The ability to travel is one of life’s greatest and sweetest gifts. Whatever reason you find yourself travelling, you can sometimes find yourself on the slightly less favourable side of travel. Jet lag usually visits us during the night. Below, we address the effect of jet lag and sleep.

What is Jet Lag?

Jet lag is an imbalance in our body’s natural “biological clock” caused by travelling to different time zones. Our bodies work on a 24-hour cycle called “circadian rhythms.” These rhythms are measured by the distinct rise and fall of body temperature, plasma levels of certain hormones and other biological conditions. All of these are influenced by our exposure to sunlight and help determine when we sleep and when we wake1.
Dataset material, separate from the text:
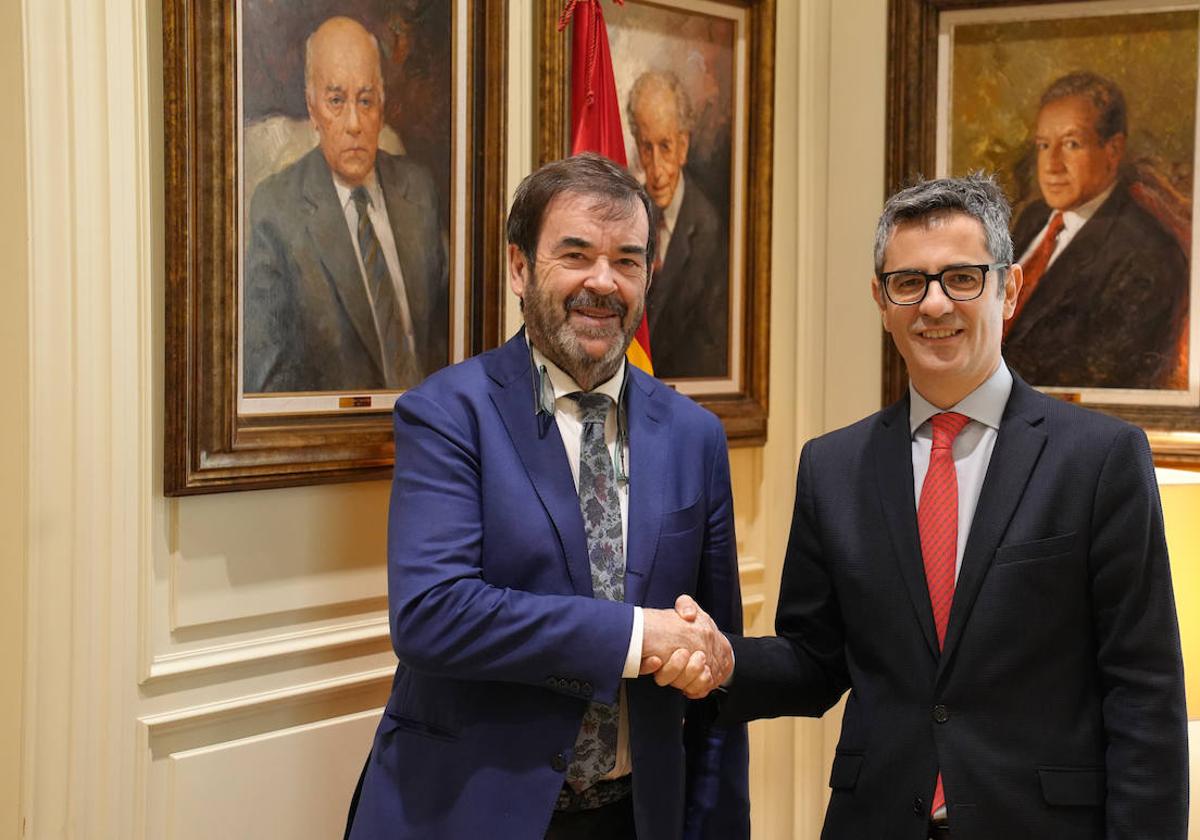 Vicente Guilarte y Félix Bolaños se saludan antes de su reunión del viernes.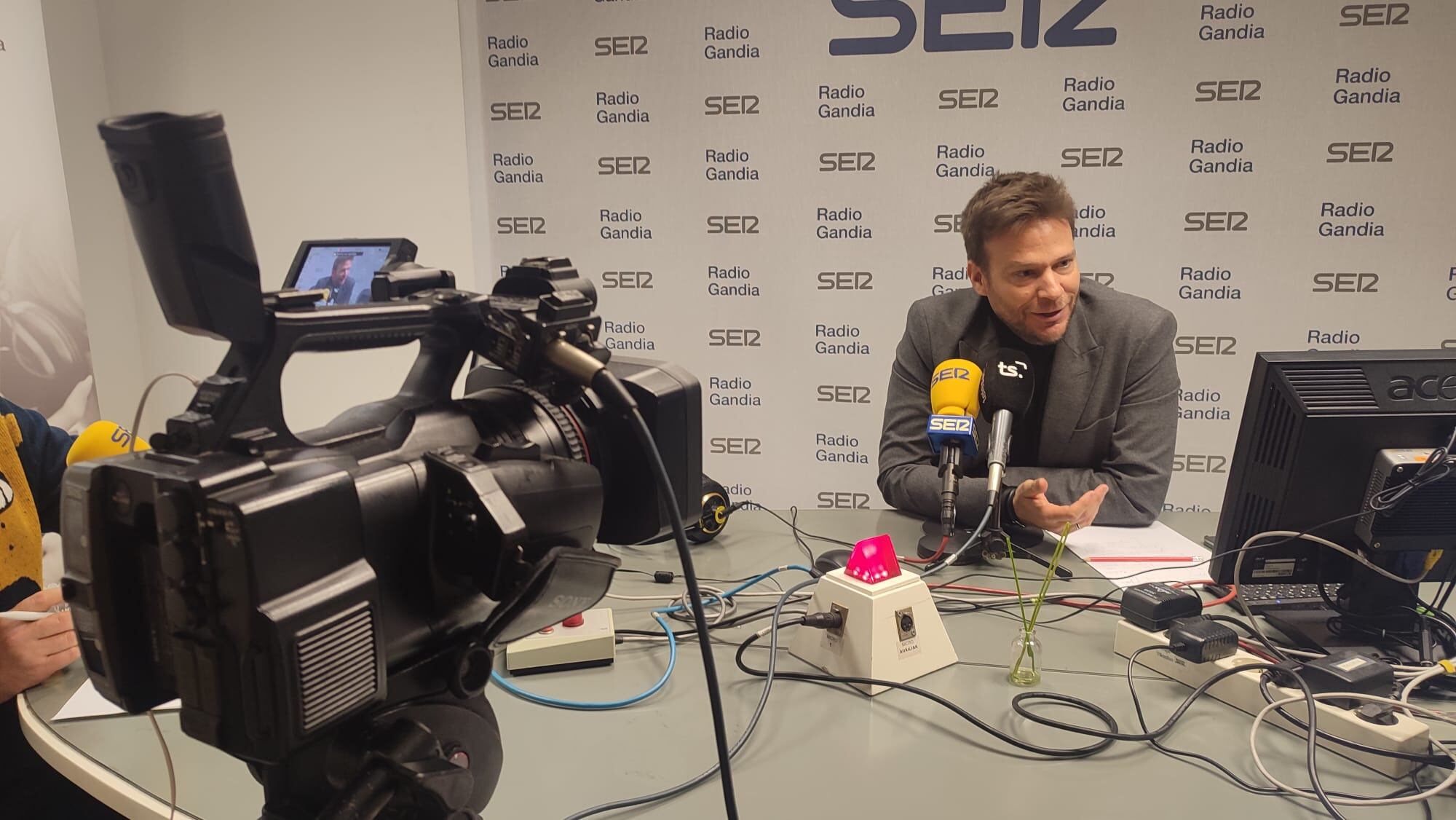 Juan Pablo Tur en los estudios de Radio Gandia SER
When travelling to a new time zone, our circadian rhythms are slow to adjust and remain on their original biological schedule for several days. This results in our bodies telling us it is time to sleep when it’s actually the middle of the afternoon. Or it makes us want to stay awake when it is late at night. 

Solutions to Ease Jet Lag

Change your watch to the destination’s time zone when you board the flight. The more you look at this, the more your brain is convinced of its new time zone. Once you arrive at your destination, always keep to your destination’s clock and not the time that it would be at home.

Exercise can also help with jet lag. By fitting in some last minute exercise, this will help to work out any stresses before your flight. If you can manage it, try to fit in exercise when you have arrived at your destination, too.

Say No to Caffeine

A massive trigger of jet lag is excessive caffeine or alcohol consumption when travelling. While sugary drinks may quench your thirst initially, the sugars and artificial sugars syphon out your body’s water storage by making your organs work harder to process them. It is important to stay hydrated when you are travelling, though on a long flight, in that case, you may want to opt for an aisle seat. Dehydration at an altitude causes toxins to build up quicker because oxygen is scarce and your body functions less efficiently, making you feel groggy after a long flight2.

Sleeping in transit

When trying to sleep on the plane, make sure you are doing so at the correct time of day at your destination. So if it is night time at your destination, try to sleep according to their times. Using a sleeping aid like Melatonin, as this is a brain hormone that helps control the body’s circadian rhythm, can help control your sleep. Also try this with some simple items like earplugs, a sleeping mask and a neck pillow.

Remember to Switch Off

A massively important piece of advice is to turn off all devices a couple of hours before sleep as the lights and activities can prevent you from falling asleep by distracting your mind. This creates a wake-up effect on the brain.

Be prepared for your next big trip with these simple facts. Travel happy, arrive refreshed.